* **AIM OF THE EXERCISE**
Line by line, return the listing exactly, without any of the images.

* **DATA BLOCK**
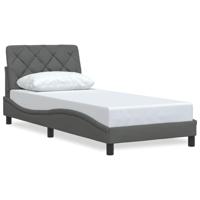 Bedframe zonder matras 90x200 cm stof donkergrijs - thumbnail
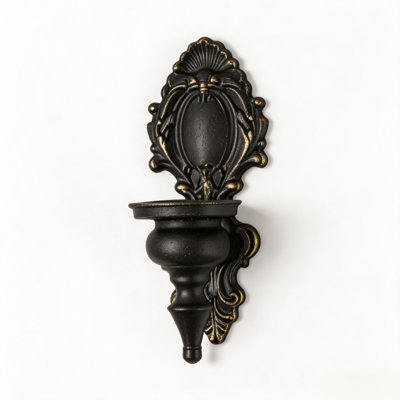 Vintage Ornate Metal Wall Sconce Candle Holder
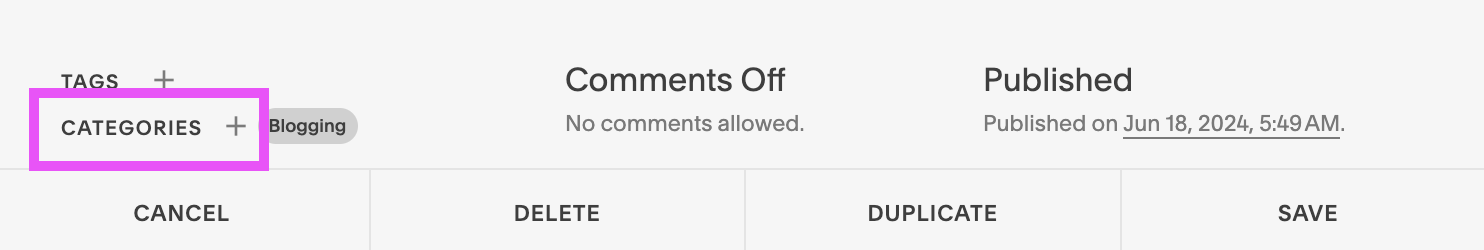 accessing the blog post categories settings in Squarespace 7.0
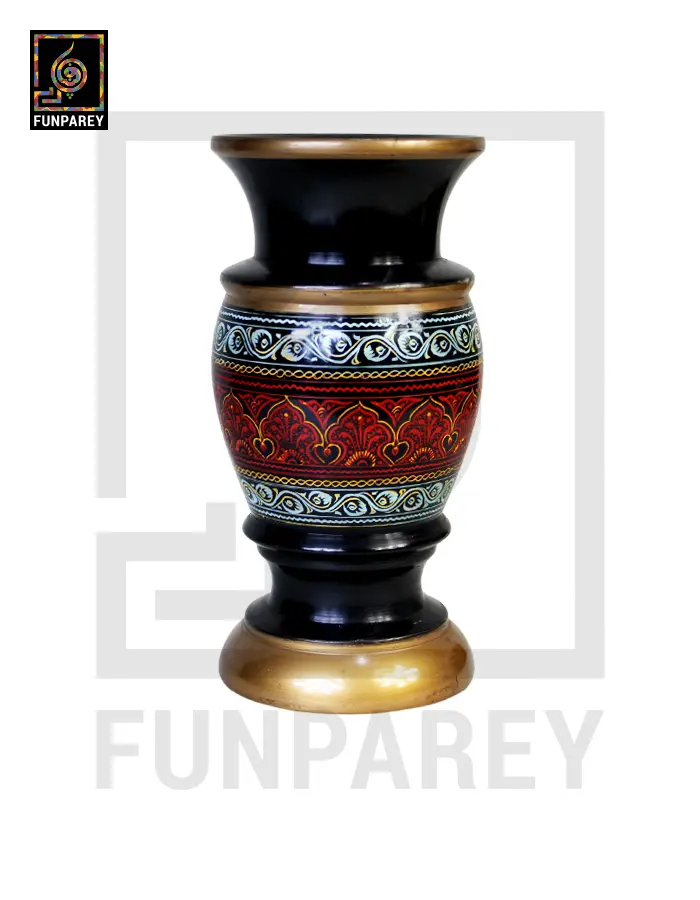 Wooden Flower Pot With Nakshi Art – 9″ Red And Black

* **ANSWER FOR THIS EXERCISE**
 Bedframe zonder matras 90x200 cm stof donkergrijs - thumbnail
 Vintage Ornate Metal Wall Sconce Candle Holder
 accessing the blog post categories settings in Squarespace 7.0
 Wooden Flower Pot With Nakshi Art – 9″ Red And Black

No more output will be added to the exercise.